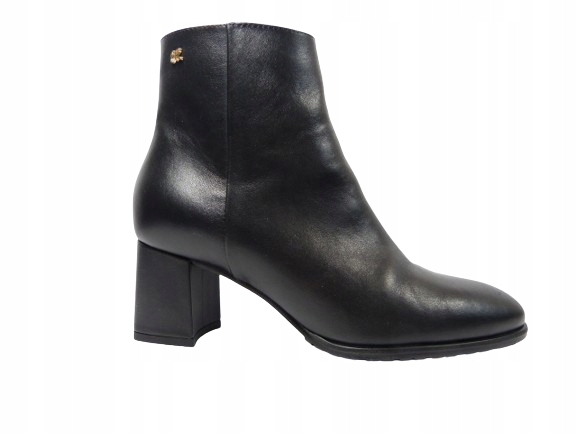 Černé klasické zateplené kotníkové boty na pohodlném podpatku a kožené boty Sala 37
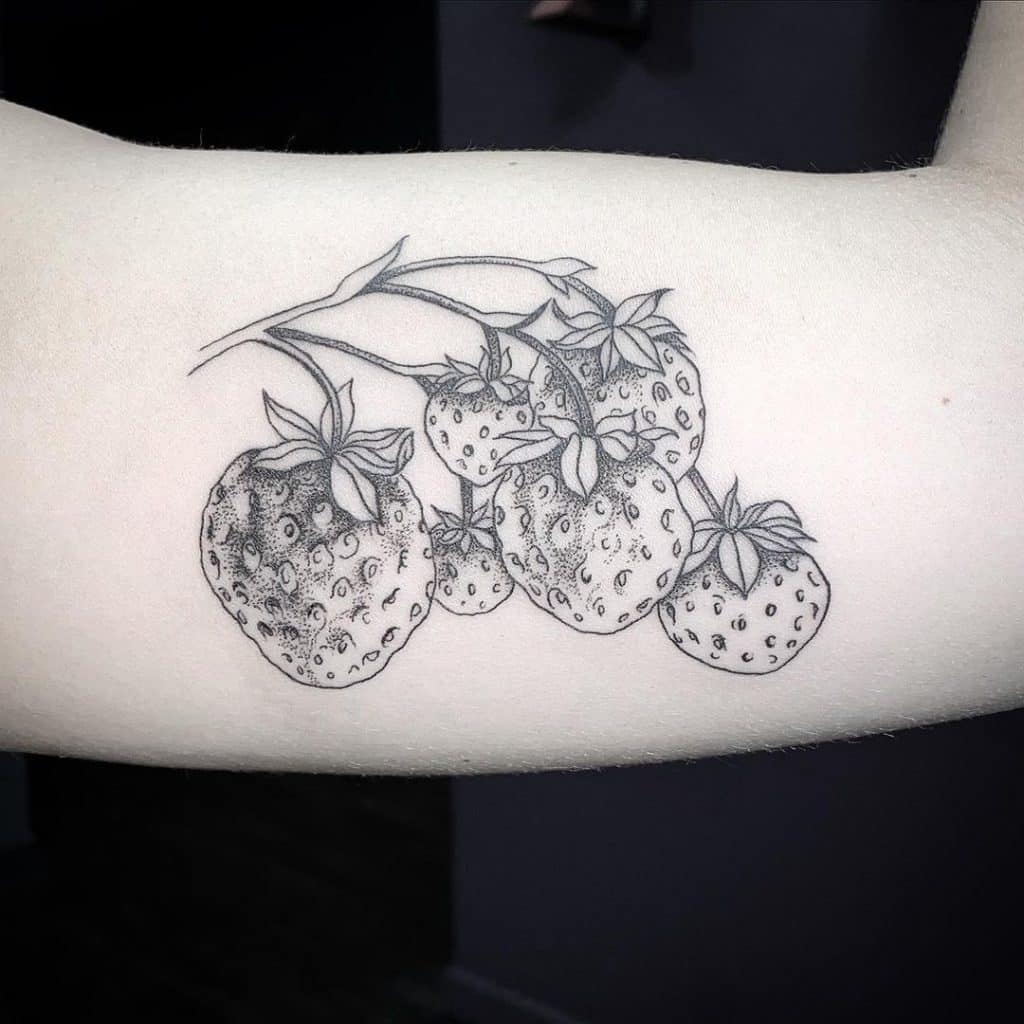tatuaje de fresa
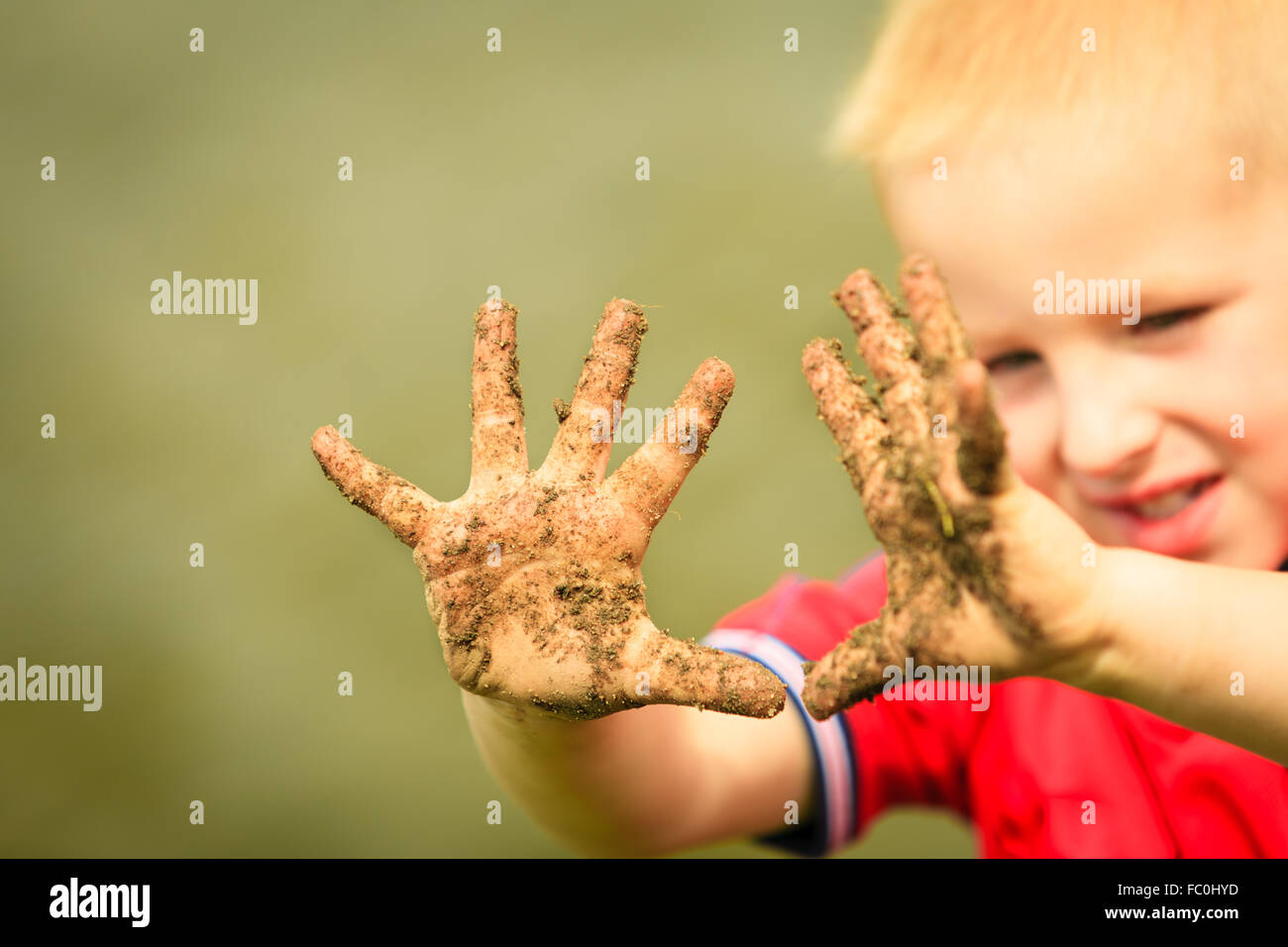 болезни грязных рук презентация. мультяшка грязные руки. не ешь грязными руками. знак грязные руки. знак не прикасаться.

• [Exercise description] Repeat word for word the lines from the one holding "tatuaje de fresa" through the last line of the listing above, including both ends. Drop the pictures.

• [Finished task]
tatuaje de fresa
 болезни грязных рук презентация. мультяшка грязные руки. не ешь грязными руками. знак грязные руки. знак не прикасаться.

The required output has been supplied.